Listed entries: Begin
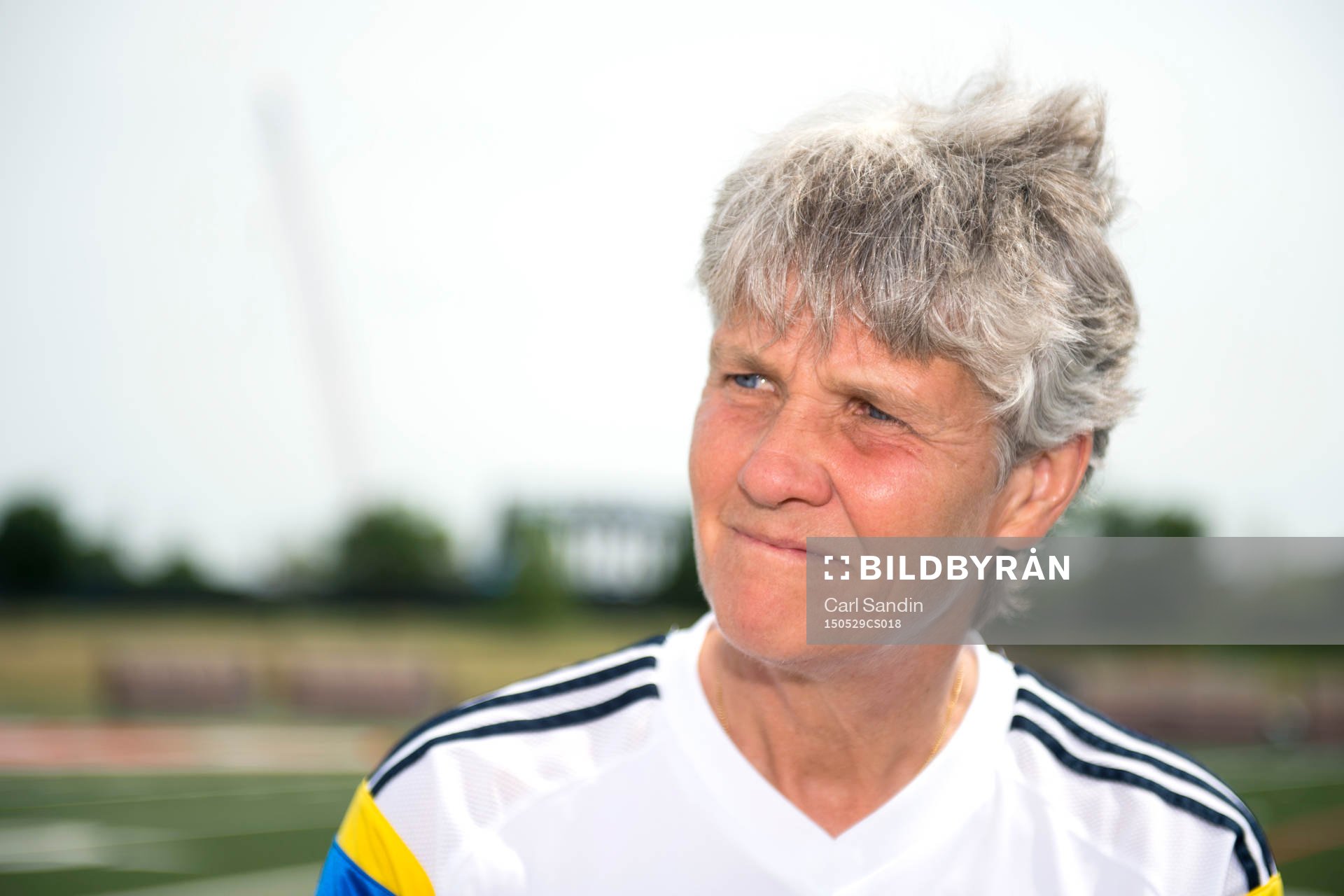 Sveriges förbundskapten Pia Sundhage blir intervjuad innan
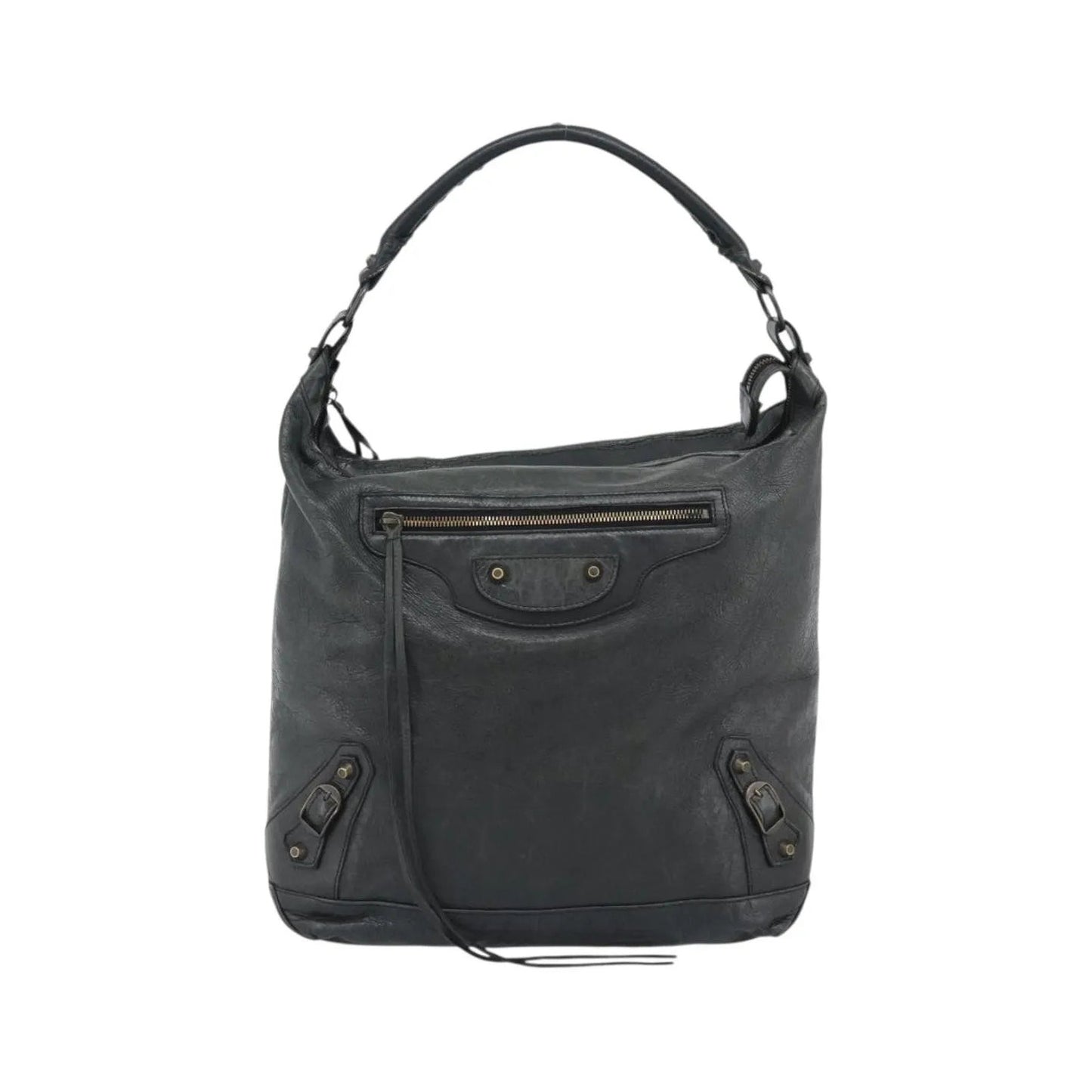 Balenciaga Giant Studs Day Hobo Leather, Green, Leather, Shoulder Bag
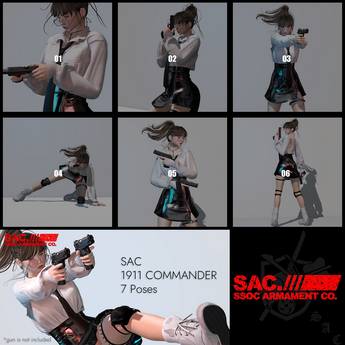 Second Life Marketplace - [SAC] 1911 COMMANDER 7 Poses(Wear Me!)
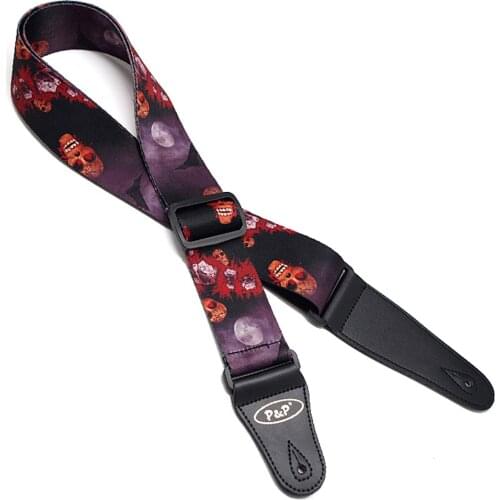 Moon Skull Pattern Guitar Strap Electric Guitar Acoustic Guitar Folk Guitar Bass Strap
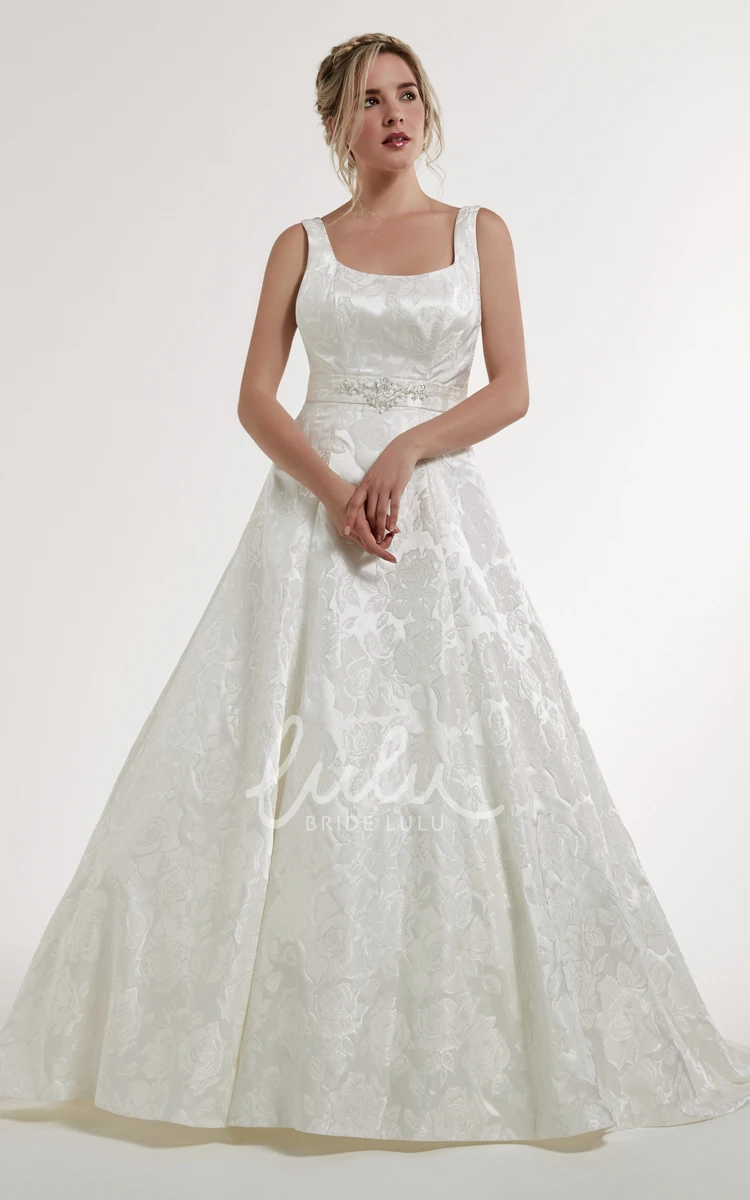 Square Neck Sleeveless Satin A-Line Wedding Dress with Beading and Court Train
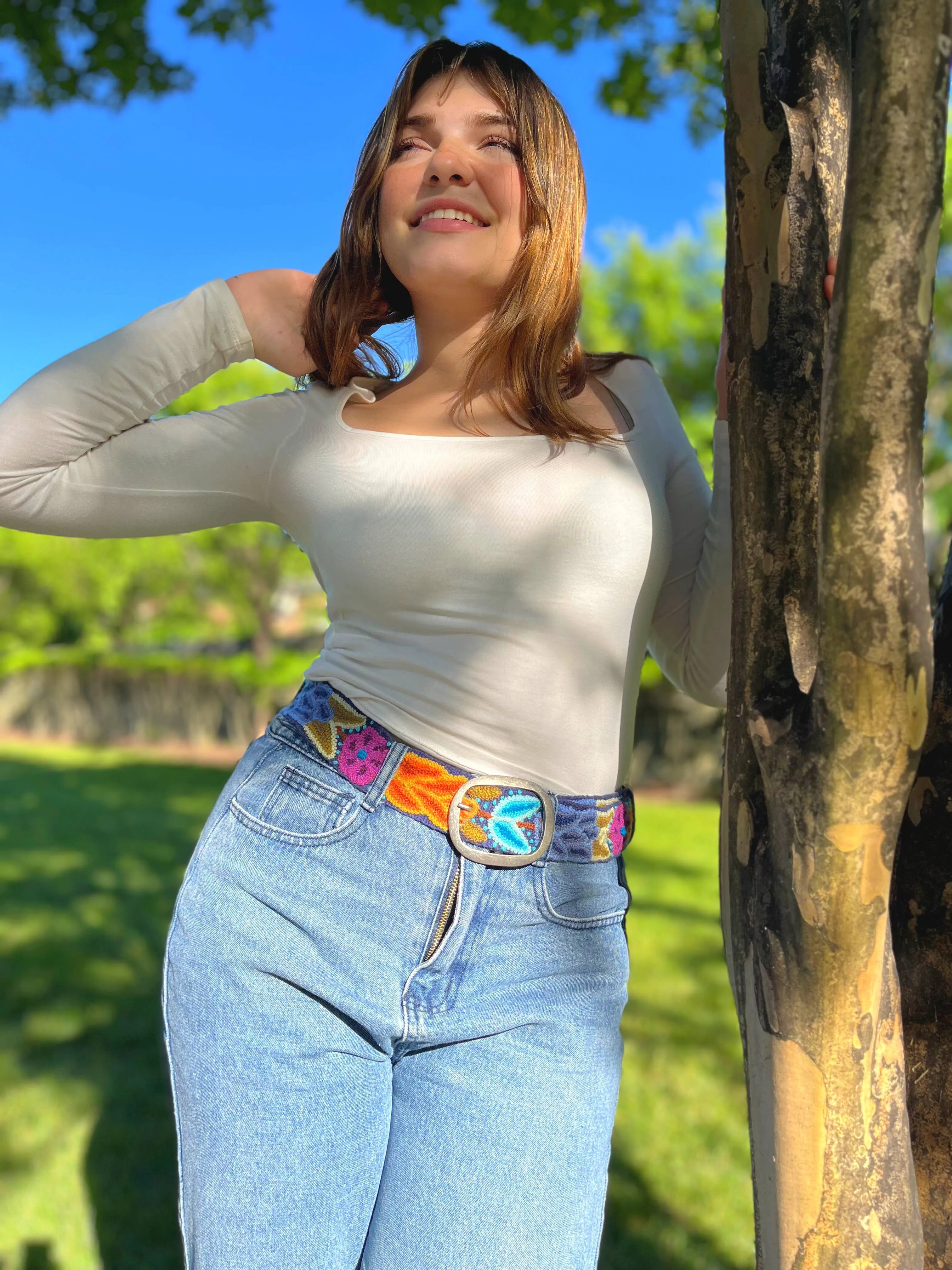 Tulips Wide Embroidered Belt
Listed entries: End
### Activity
Without changing a word, transcribe all of the data and omit its images.

### Solution
 Sveriges förbundskapten Pia Sundhage blir intervjuad innan
 Balenciaga Giant Studs Day Hobo Leather, Green, Leather, Shoulder Bag
 Second Life Marketplace - [SAC] 1911 COMMANDER 7 Poses(Wear Me!)
 Moon Skull Pattern Guitar Strap Electric Guitar Acoustic Guitar Folk Guitar Bass Strap
 Square Neck Sleeveless Satin A-Line Wedding Dress with Beading and Court Train
 Tulips Wide Embroidered Belt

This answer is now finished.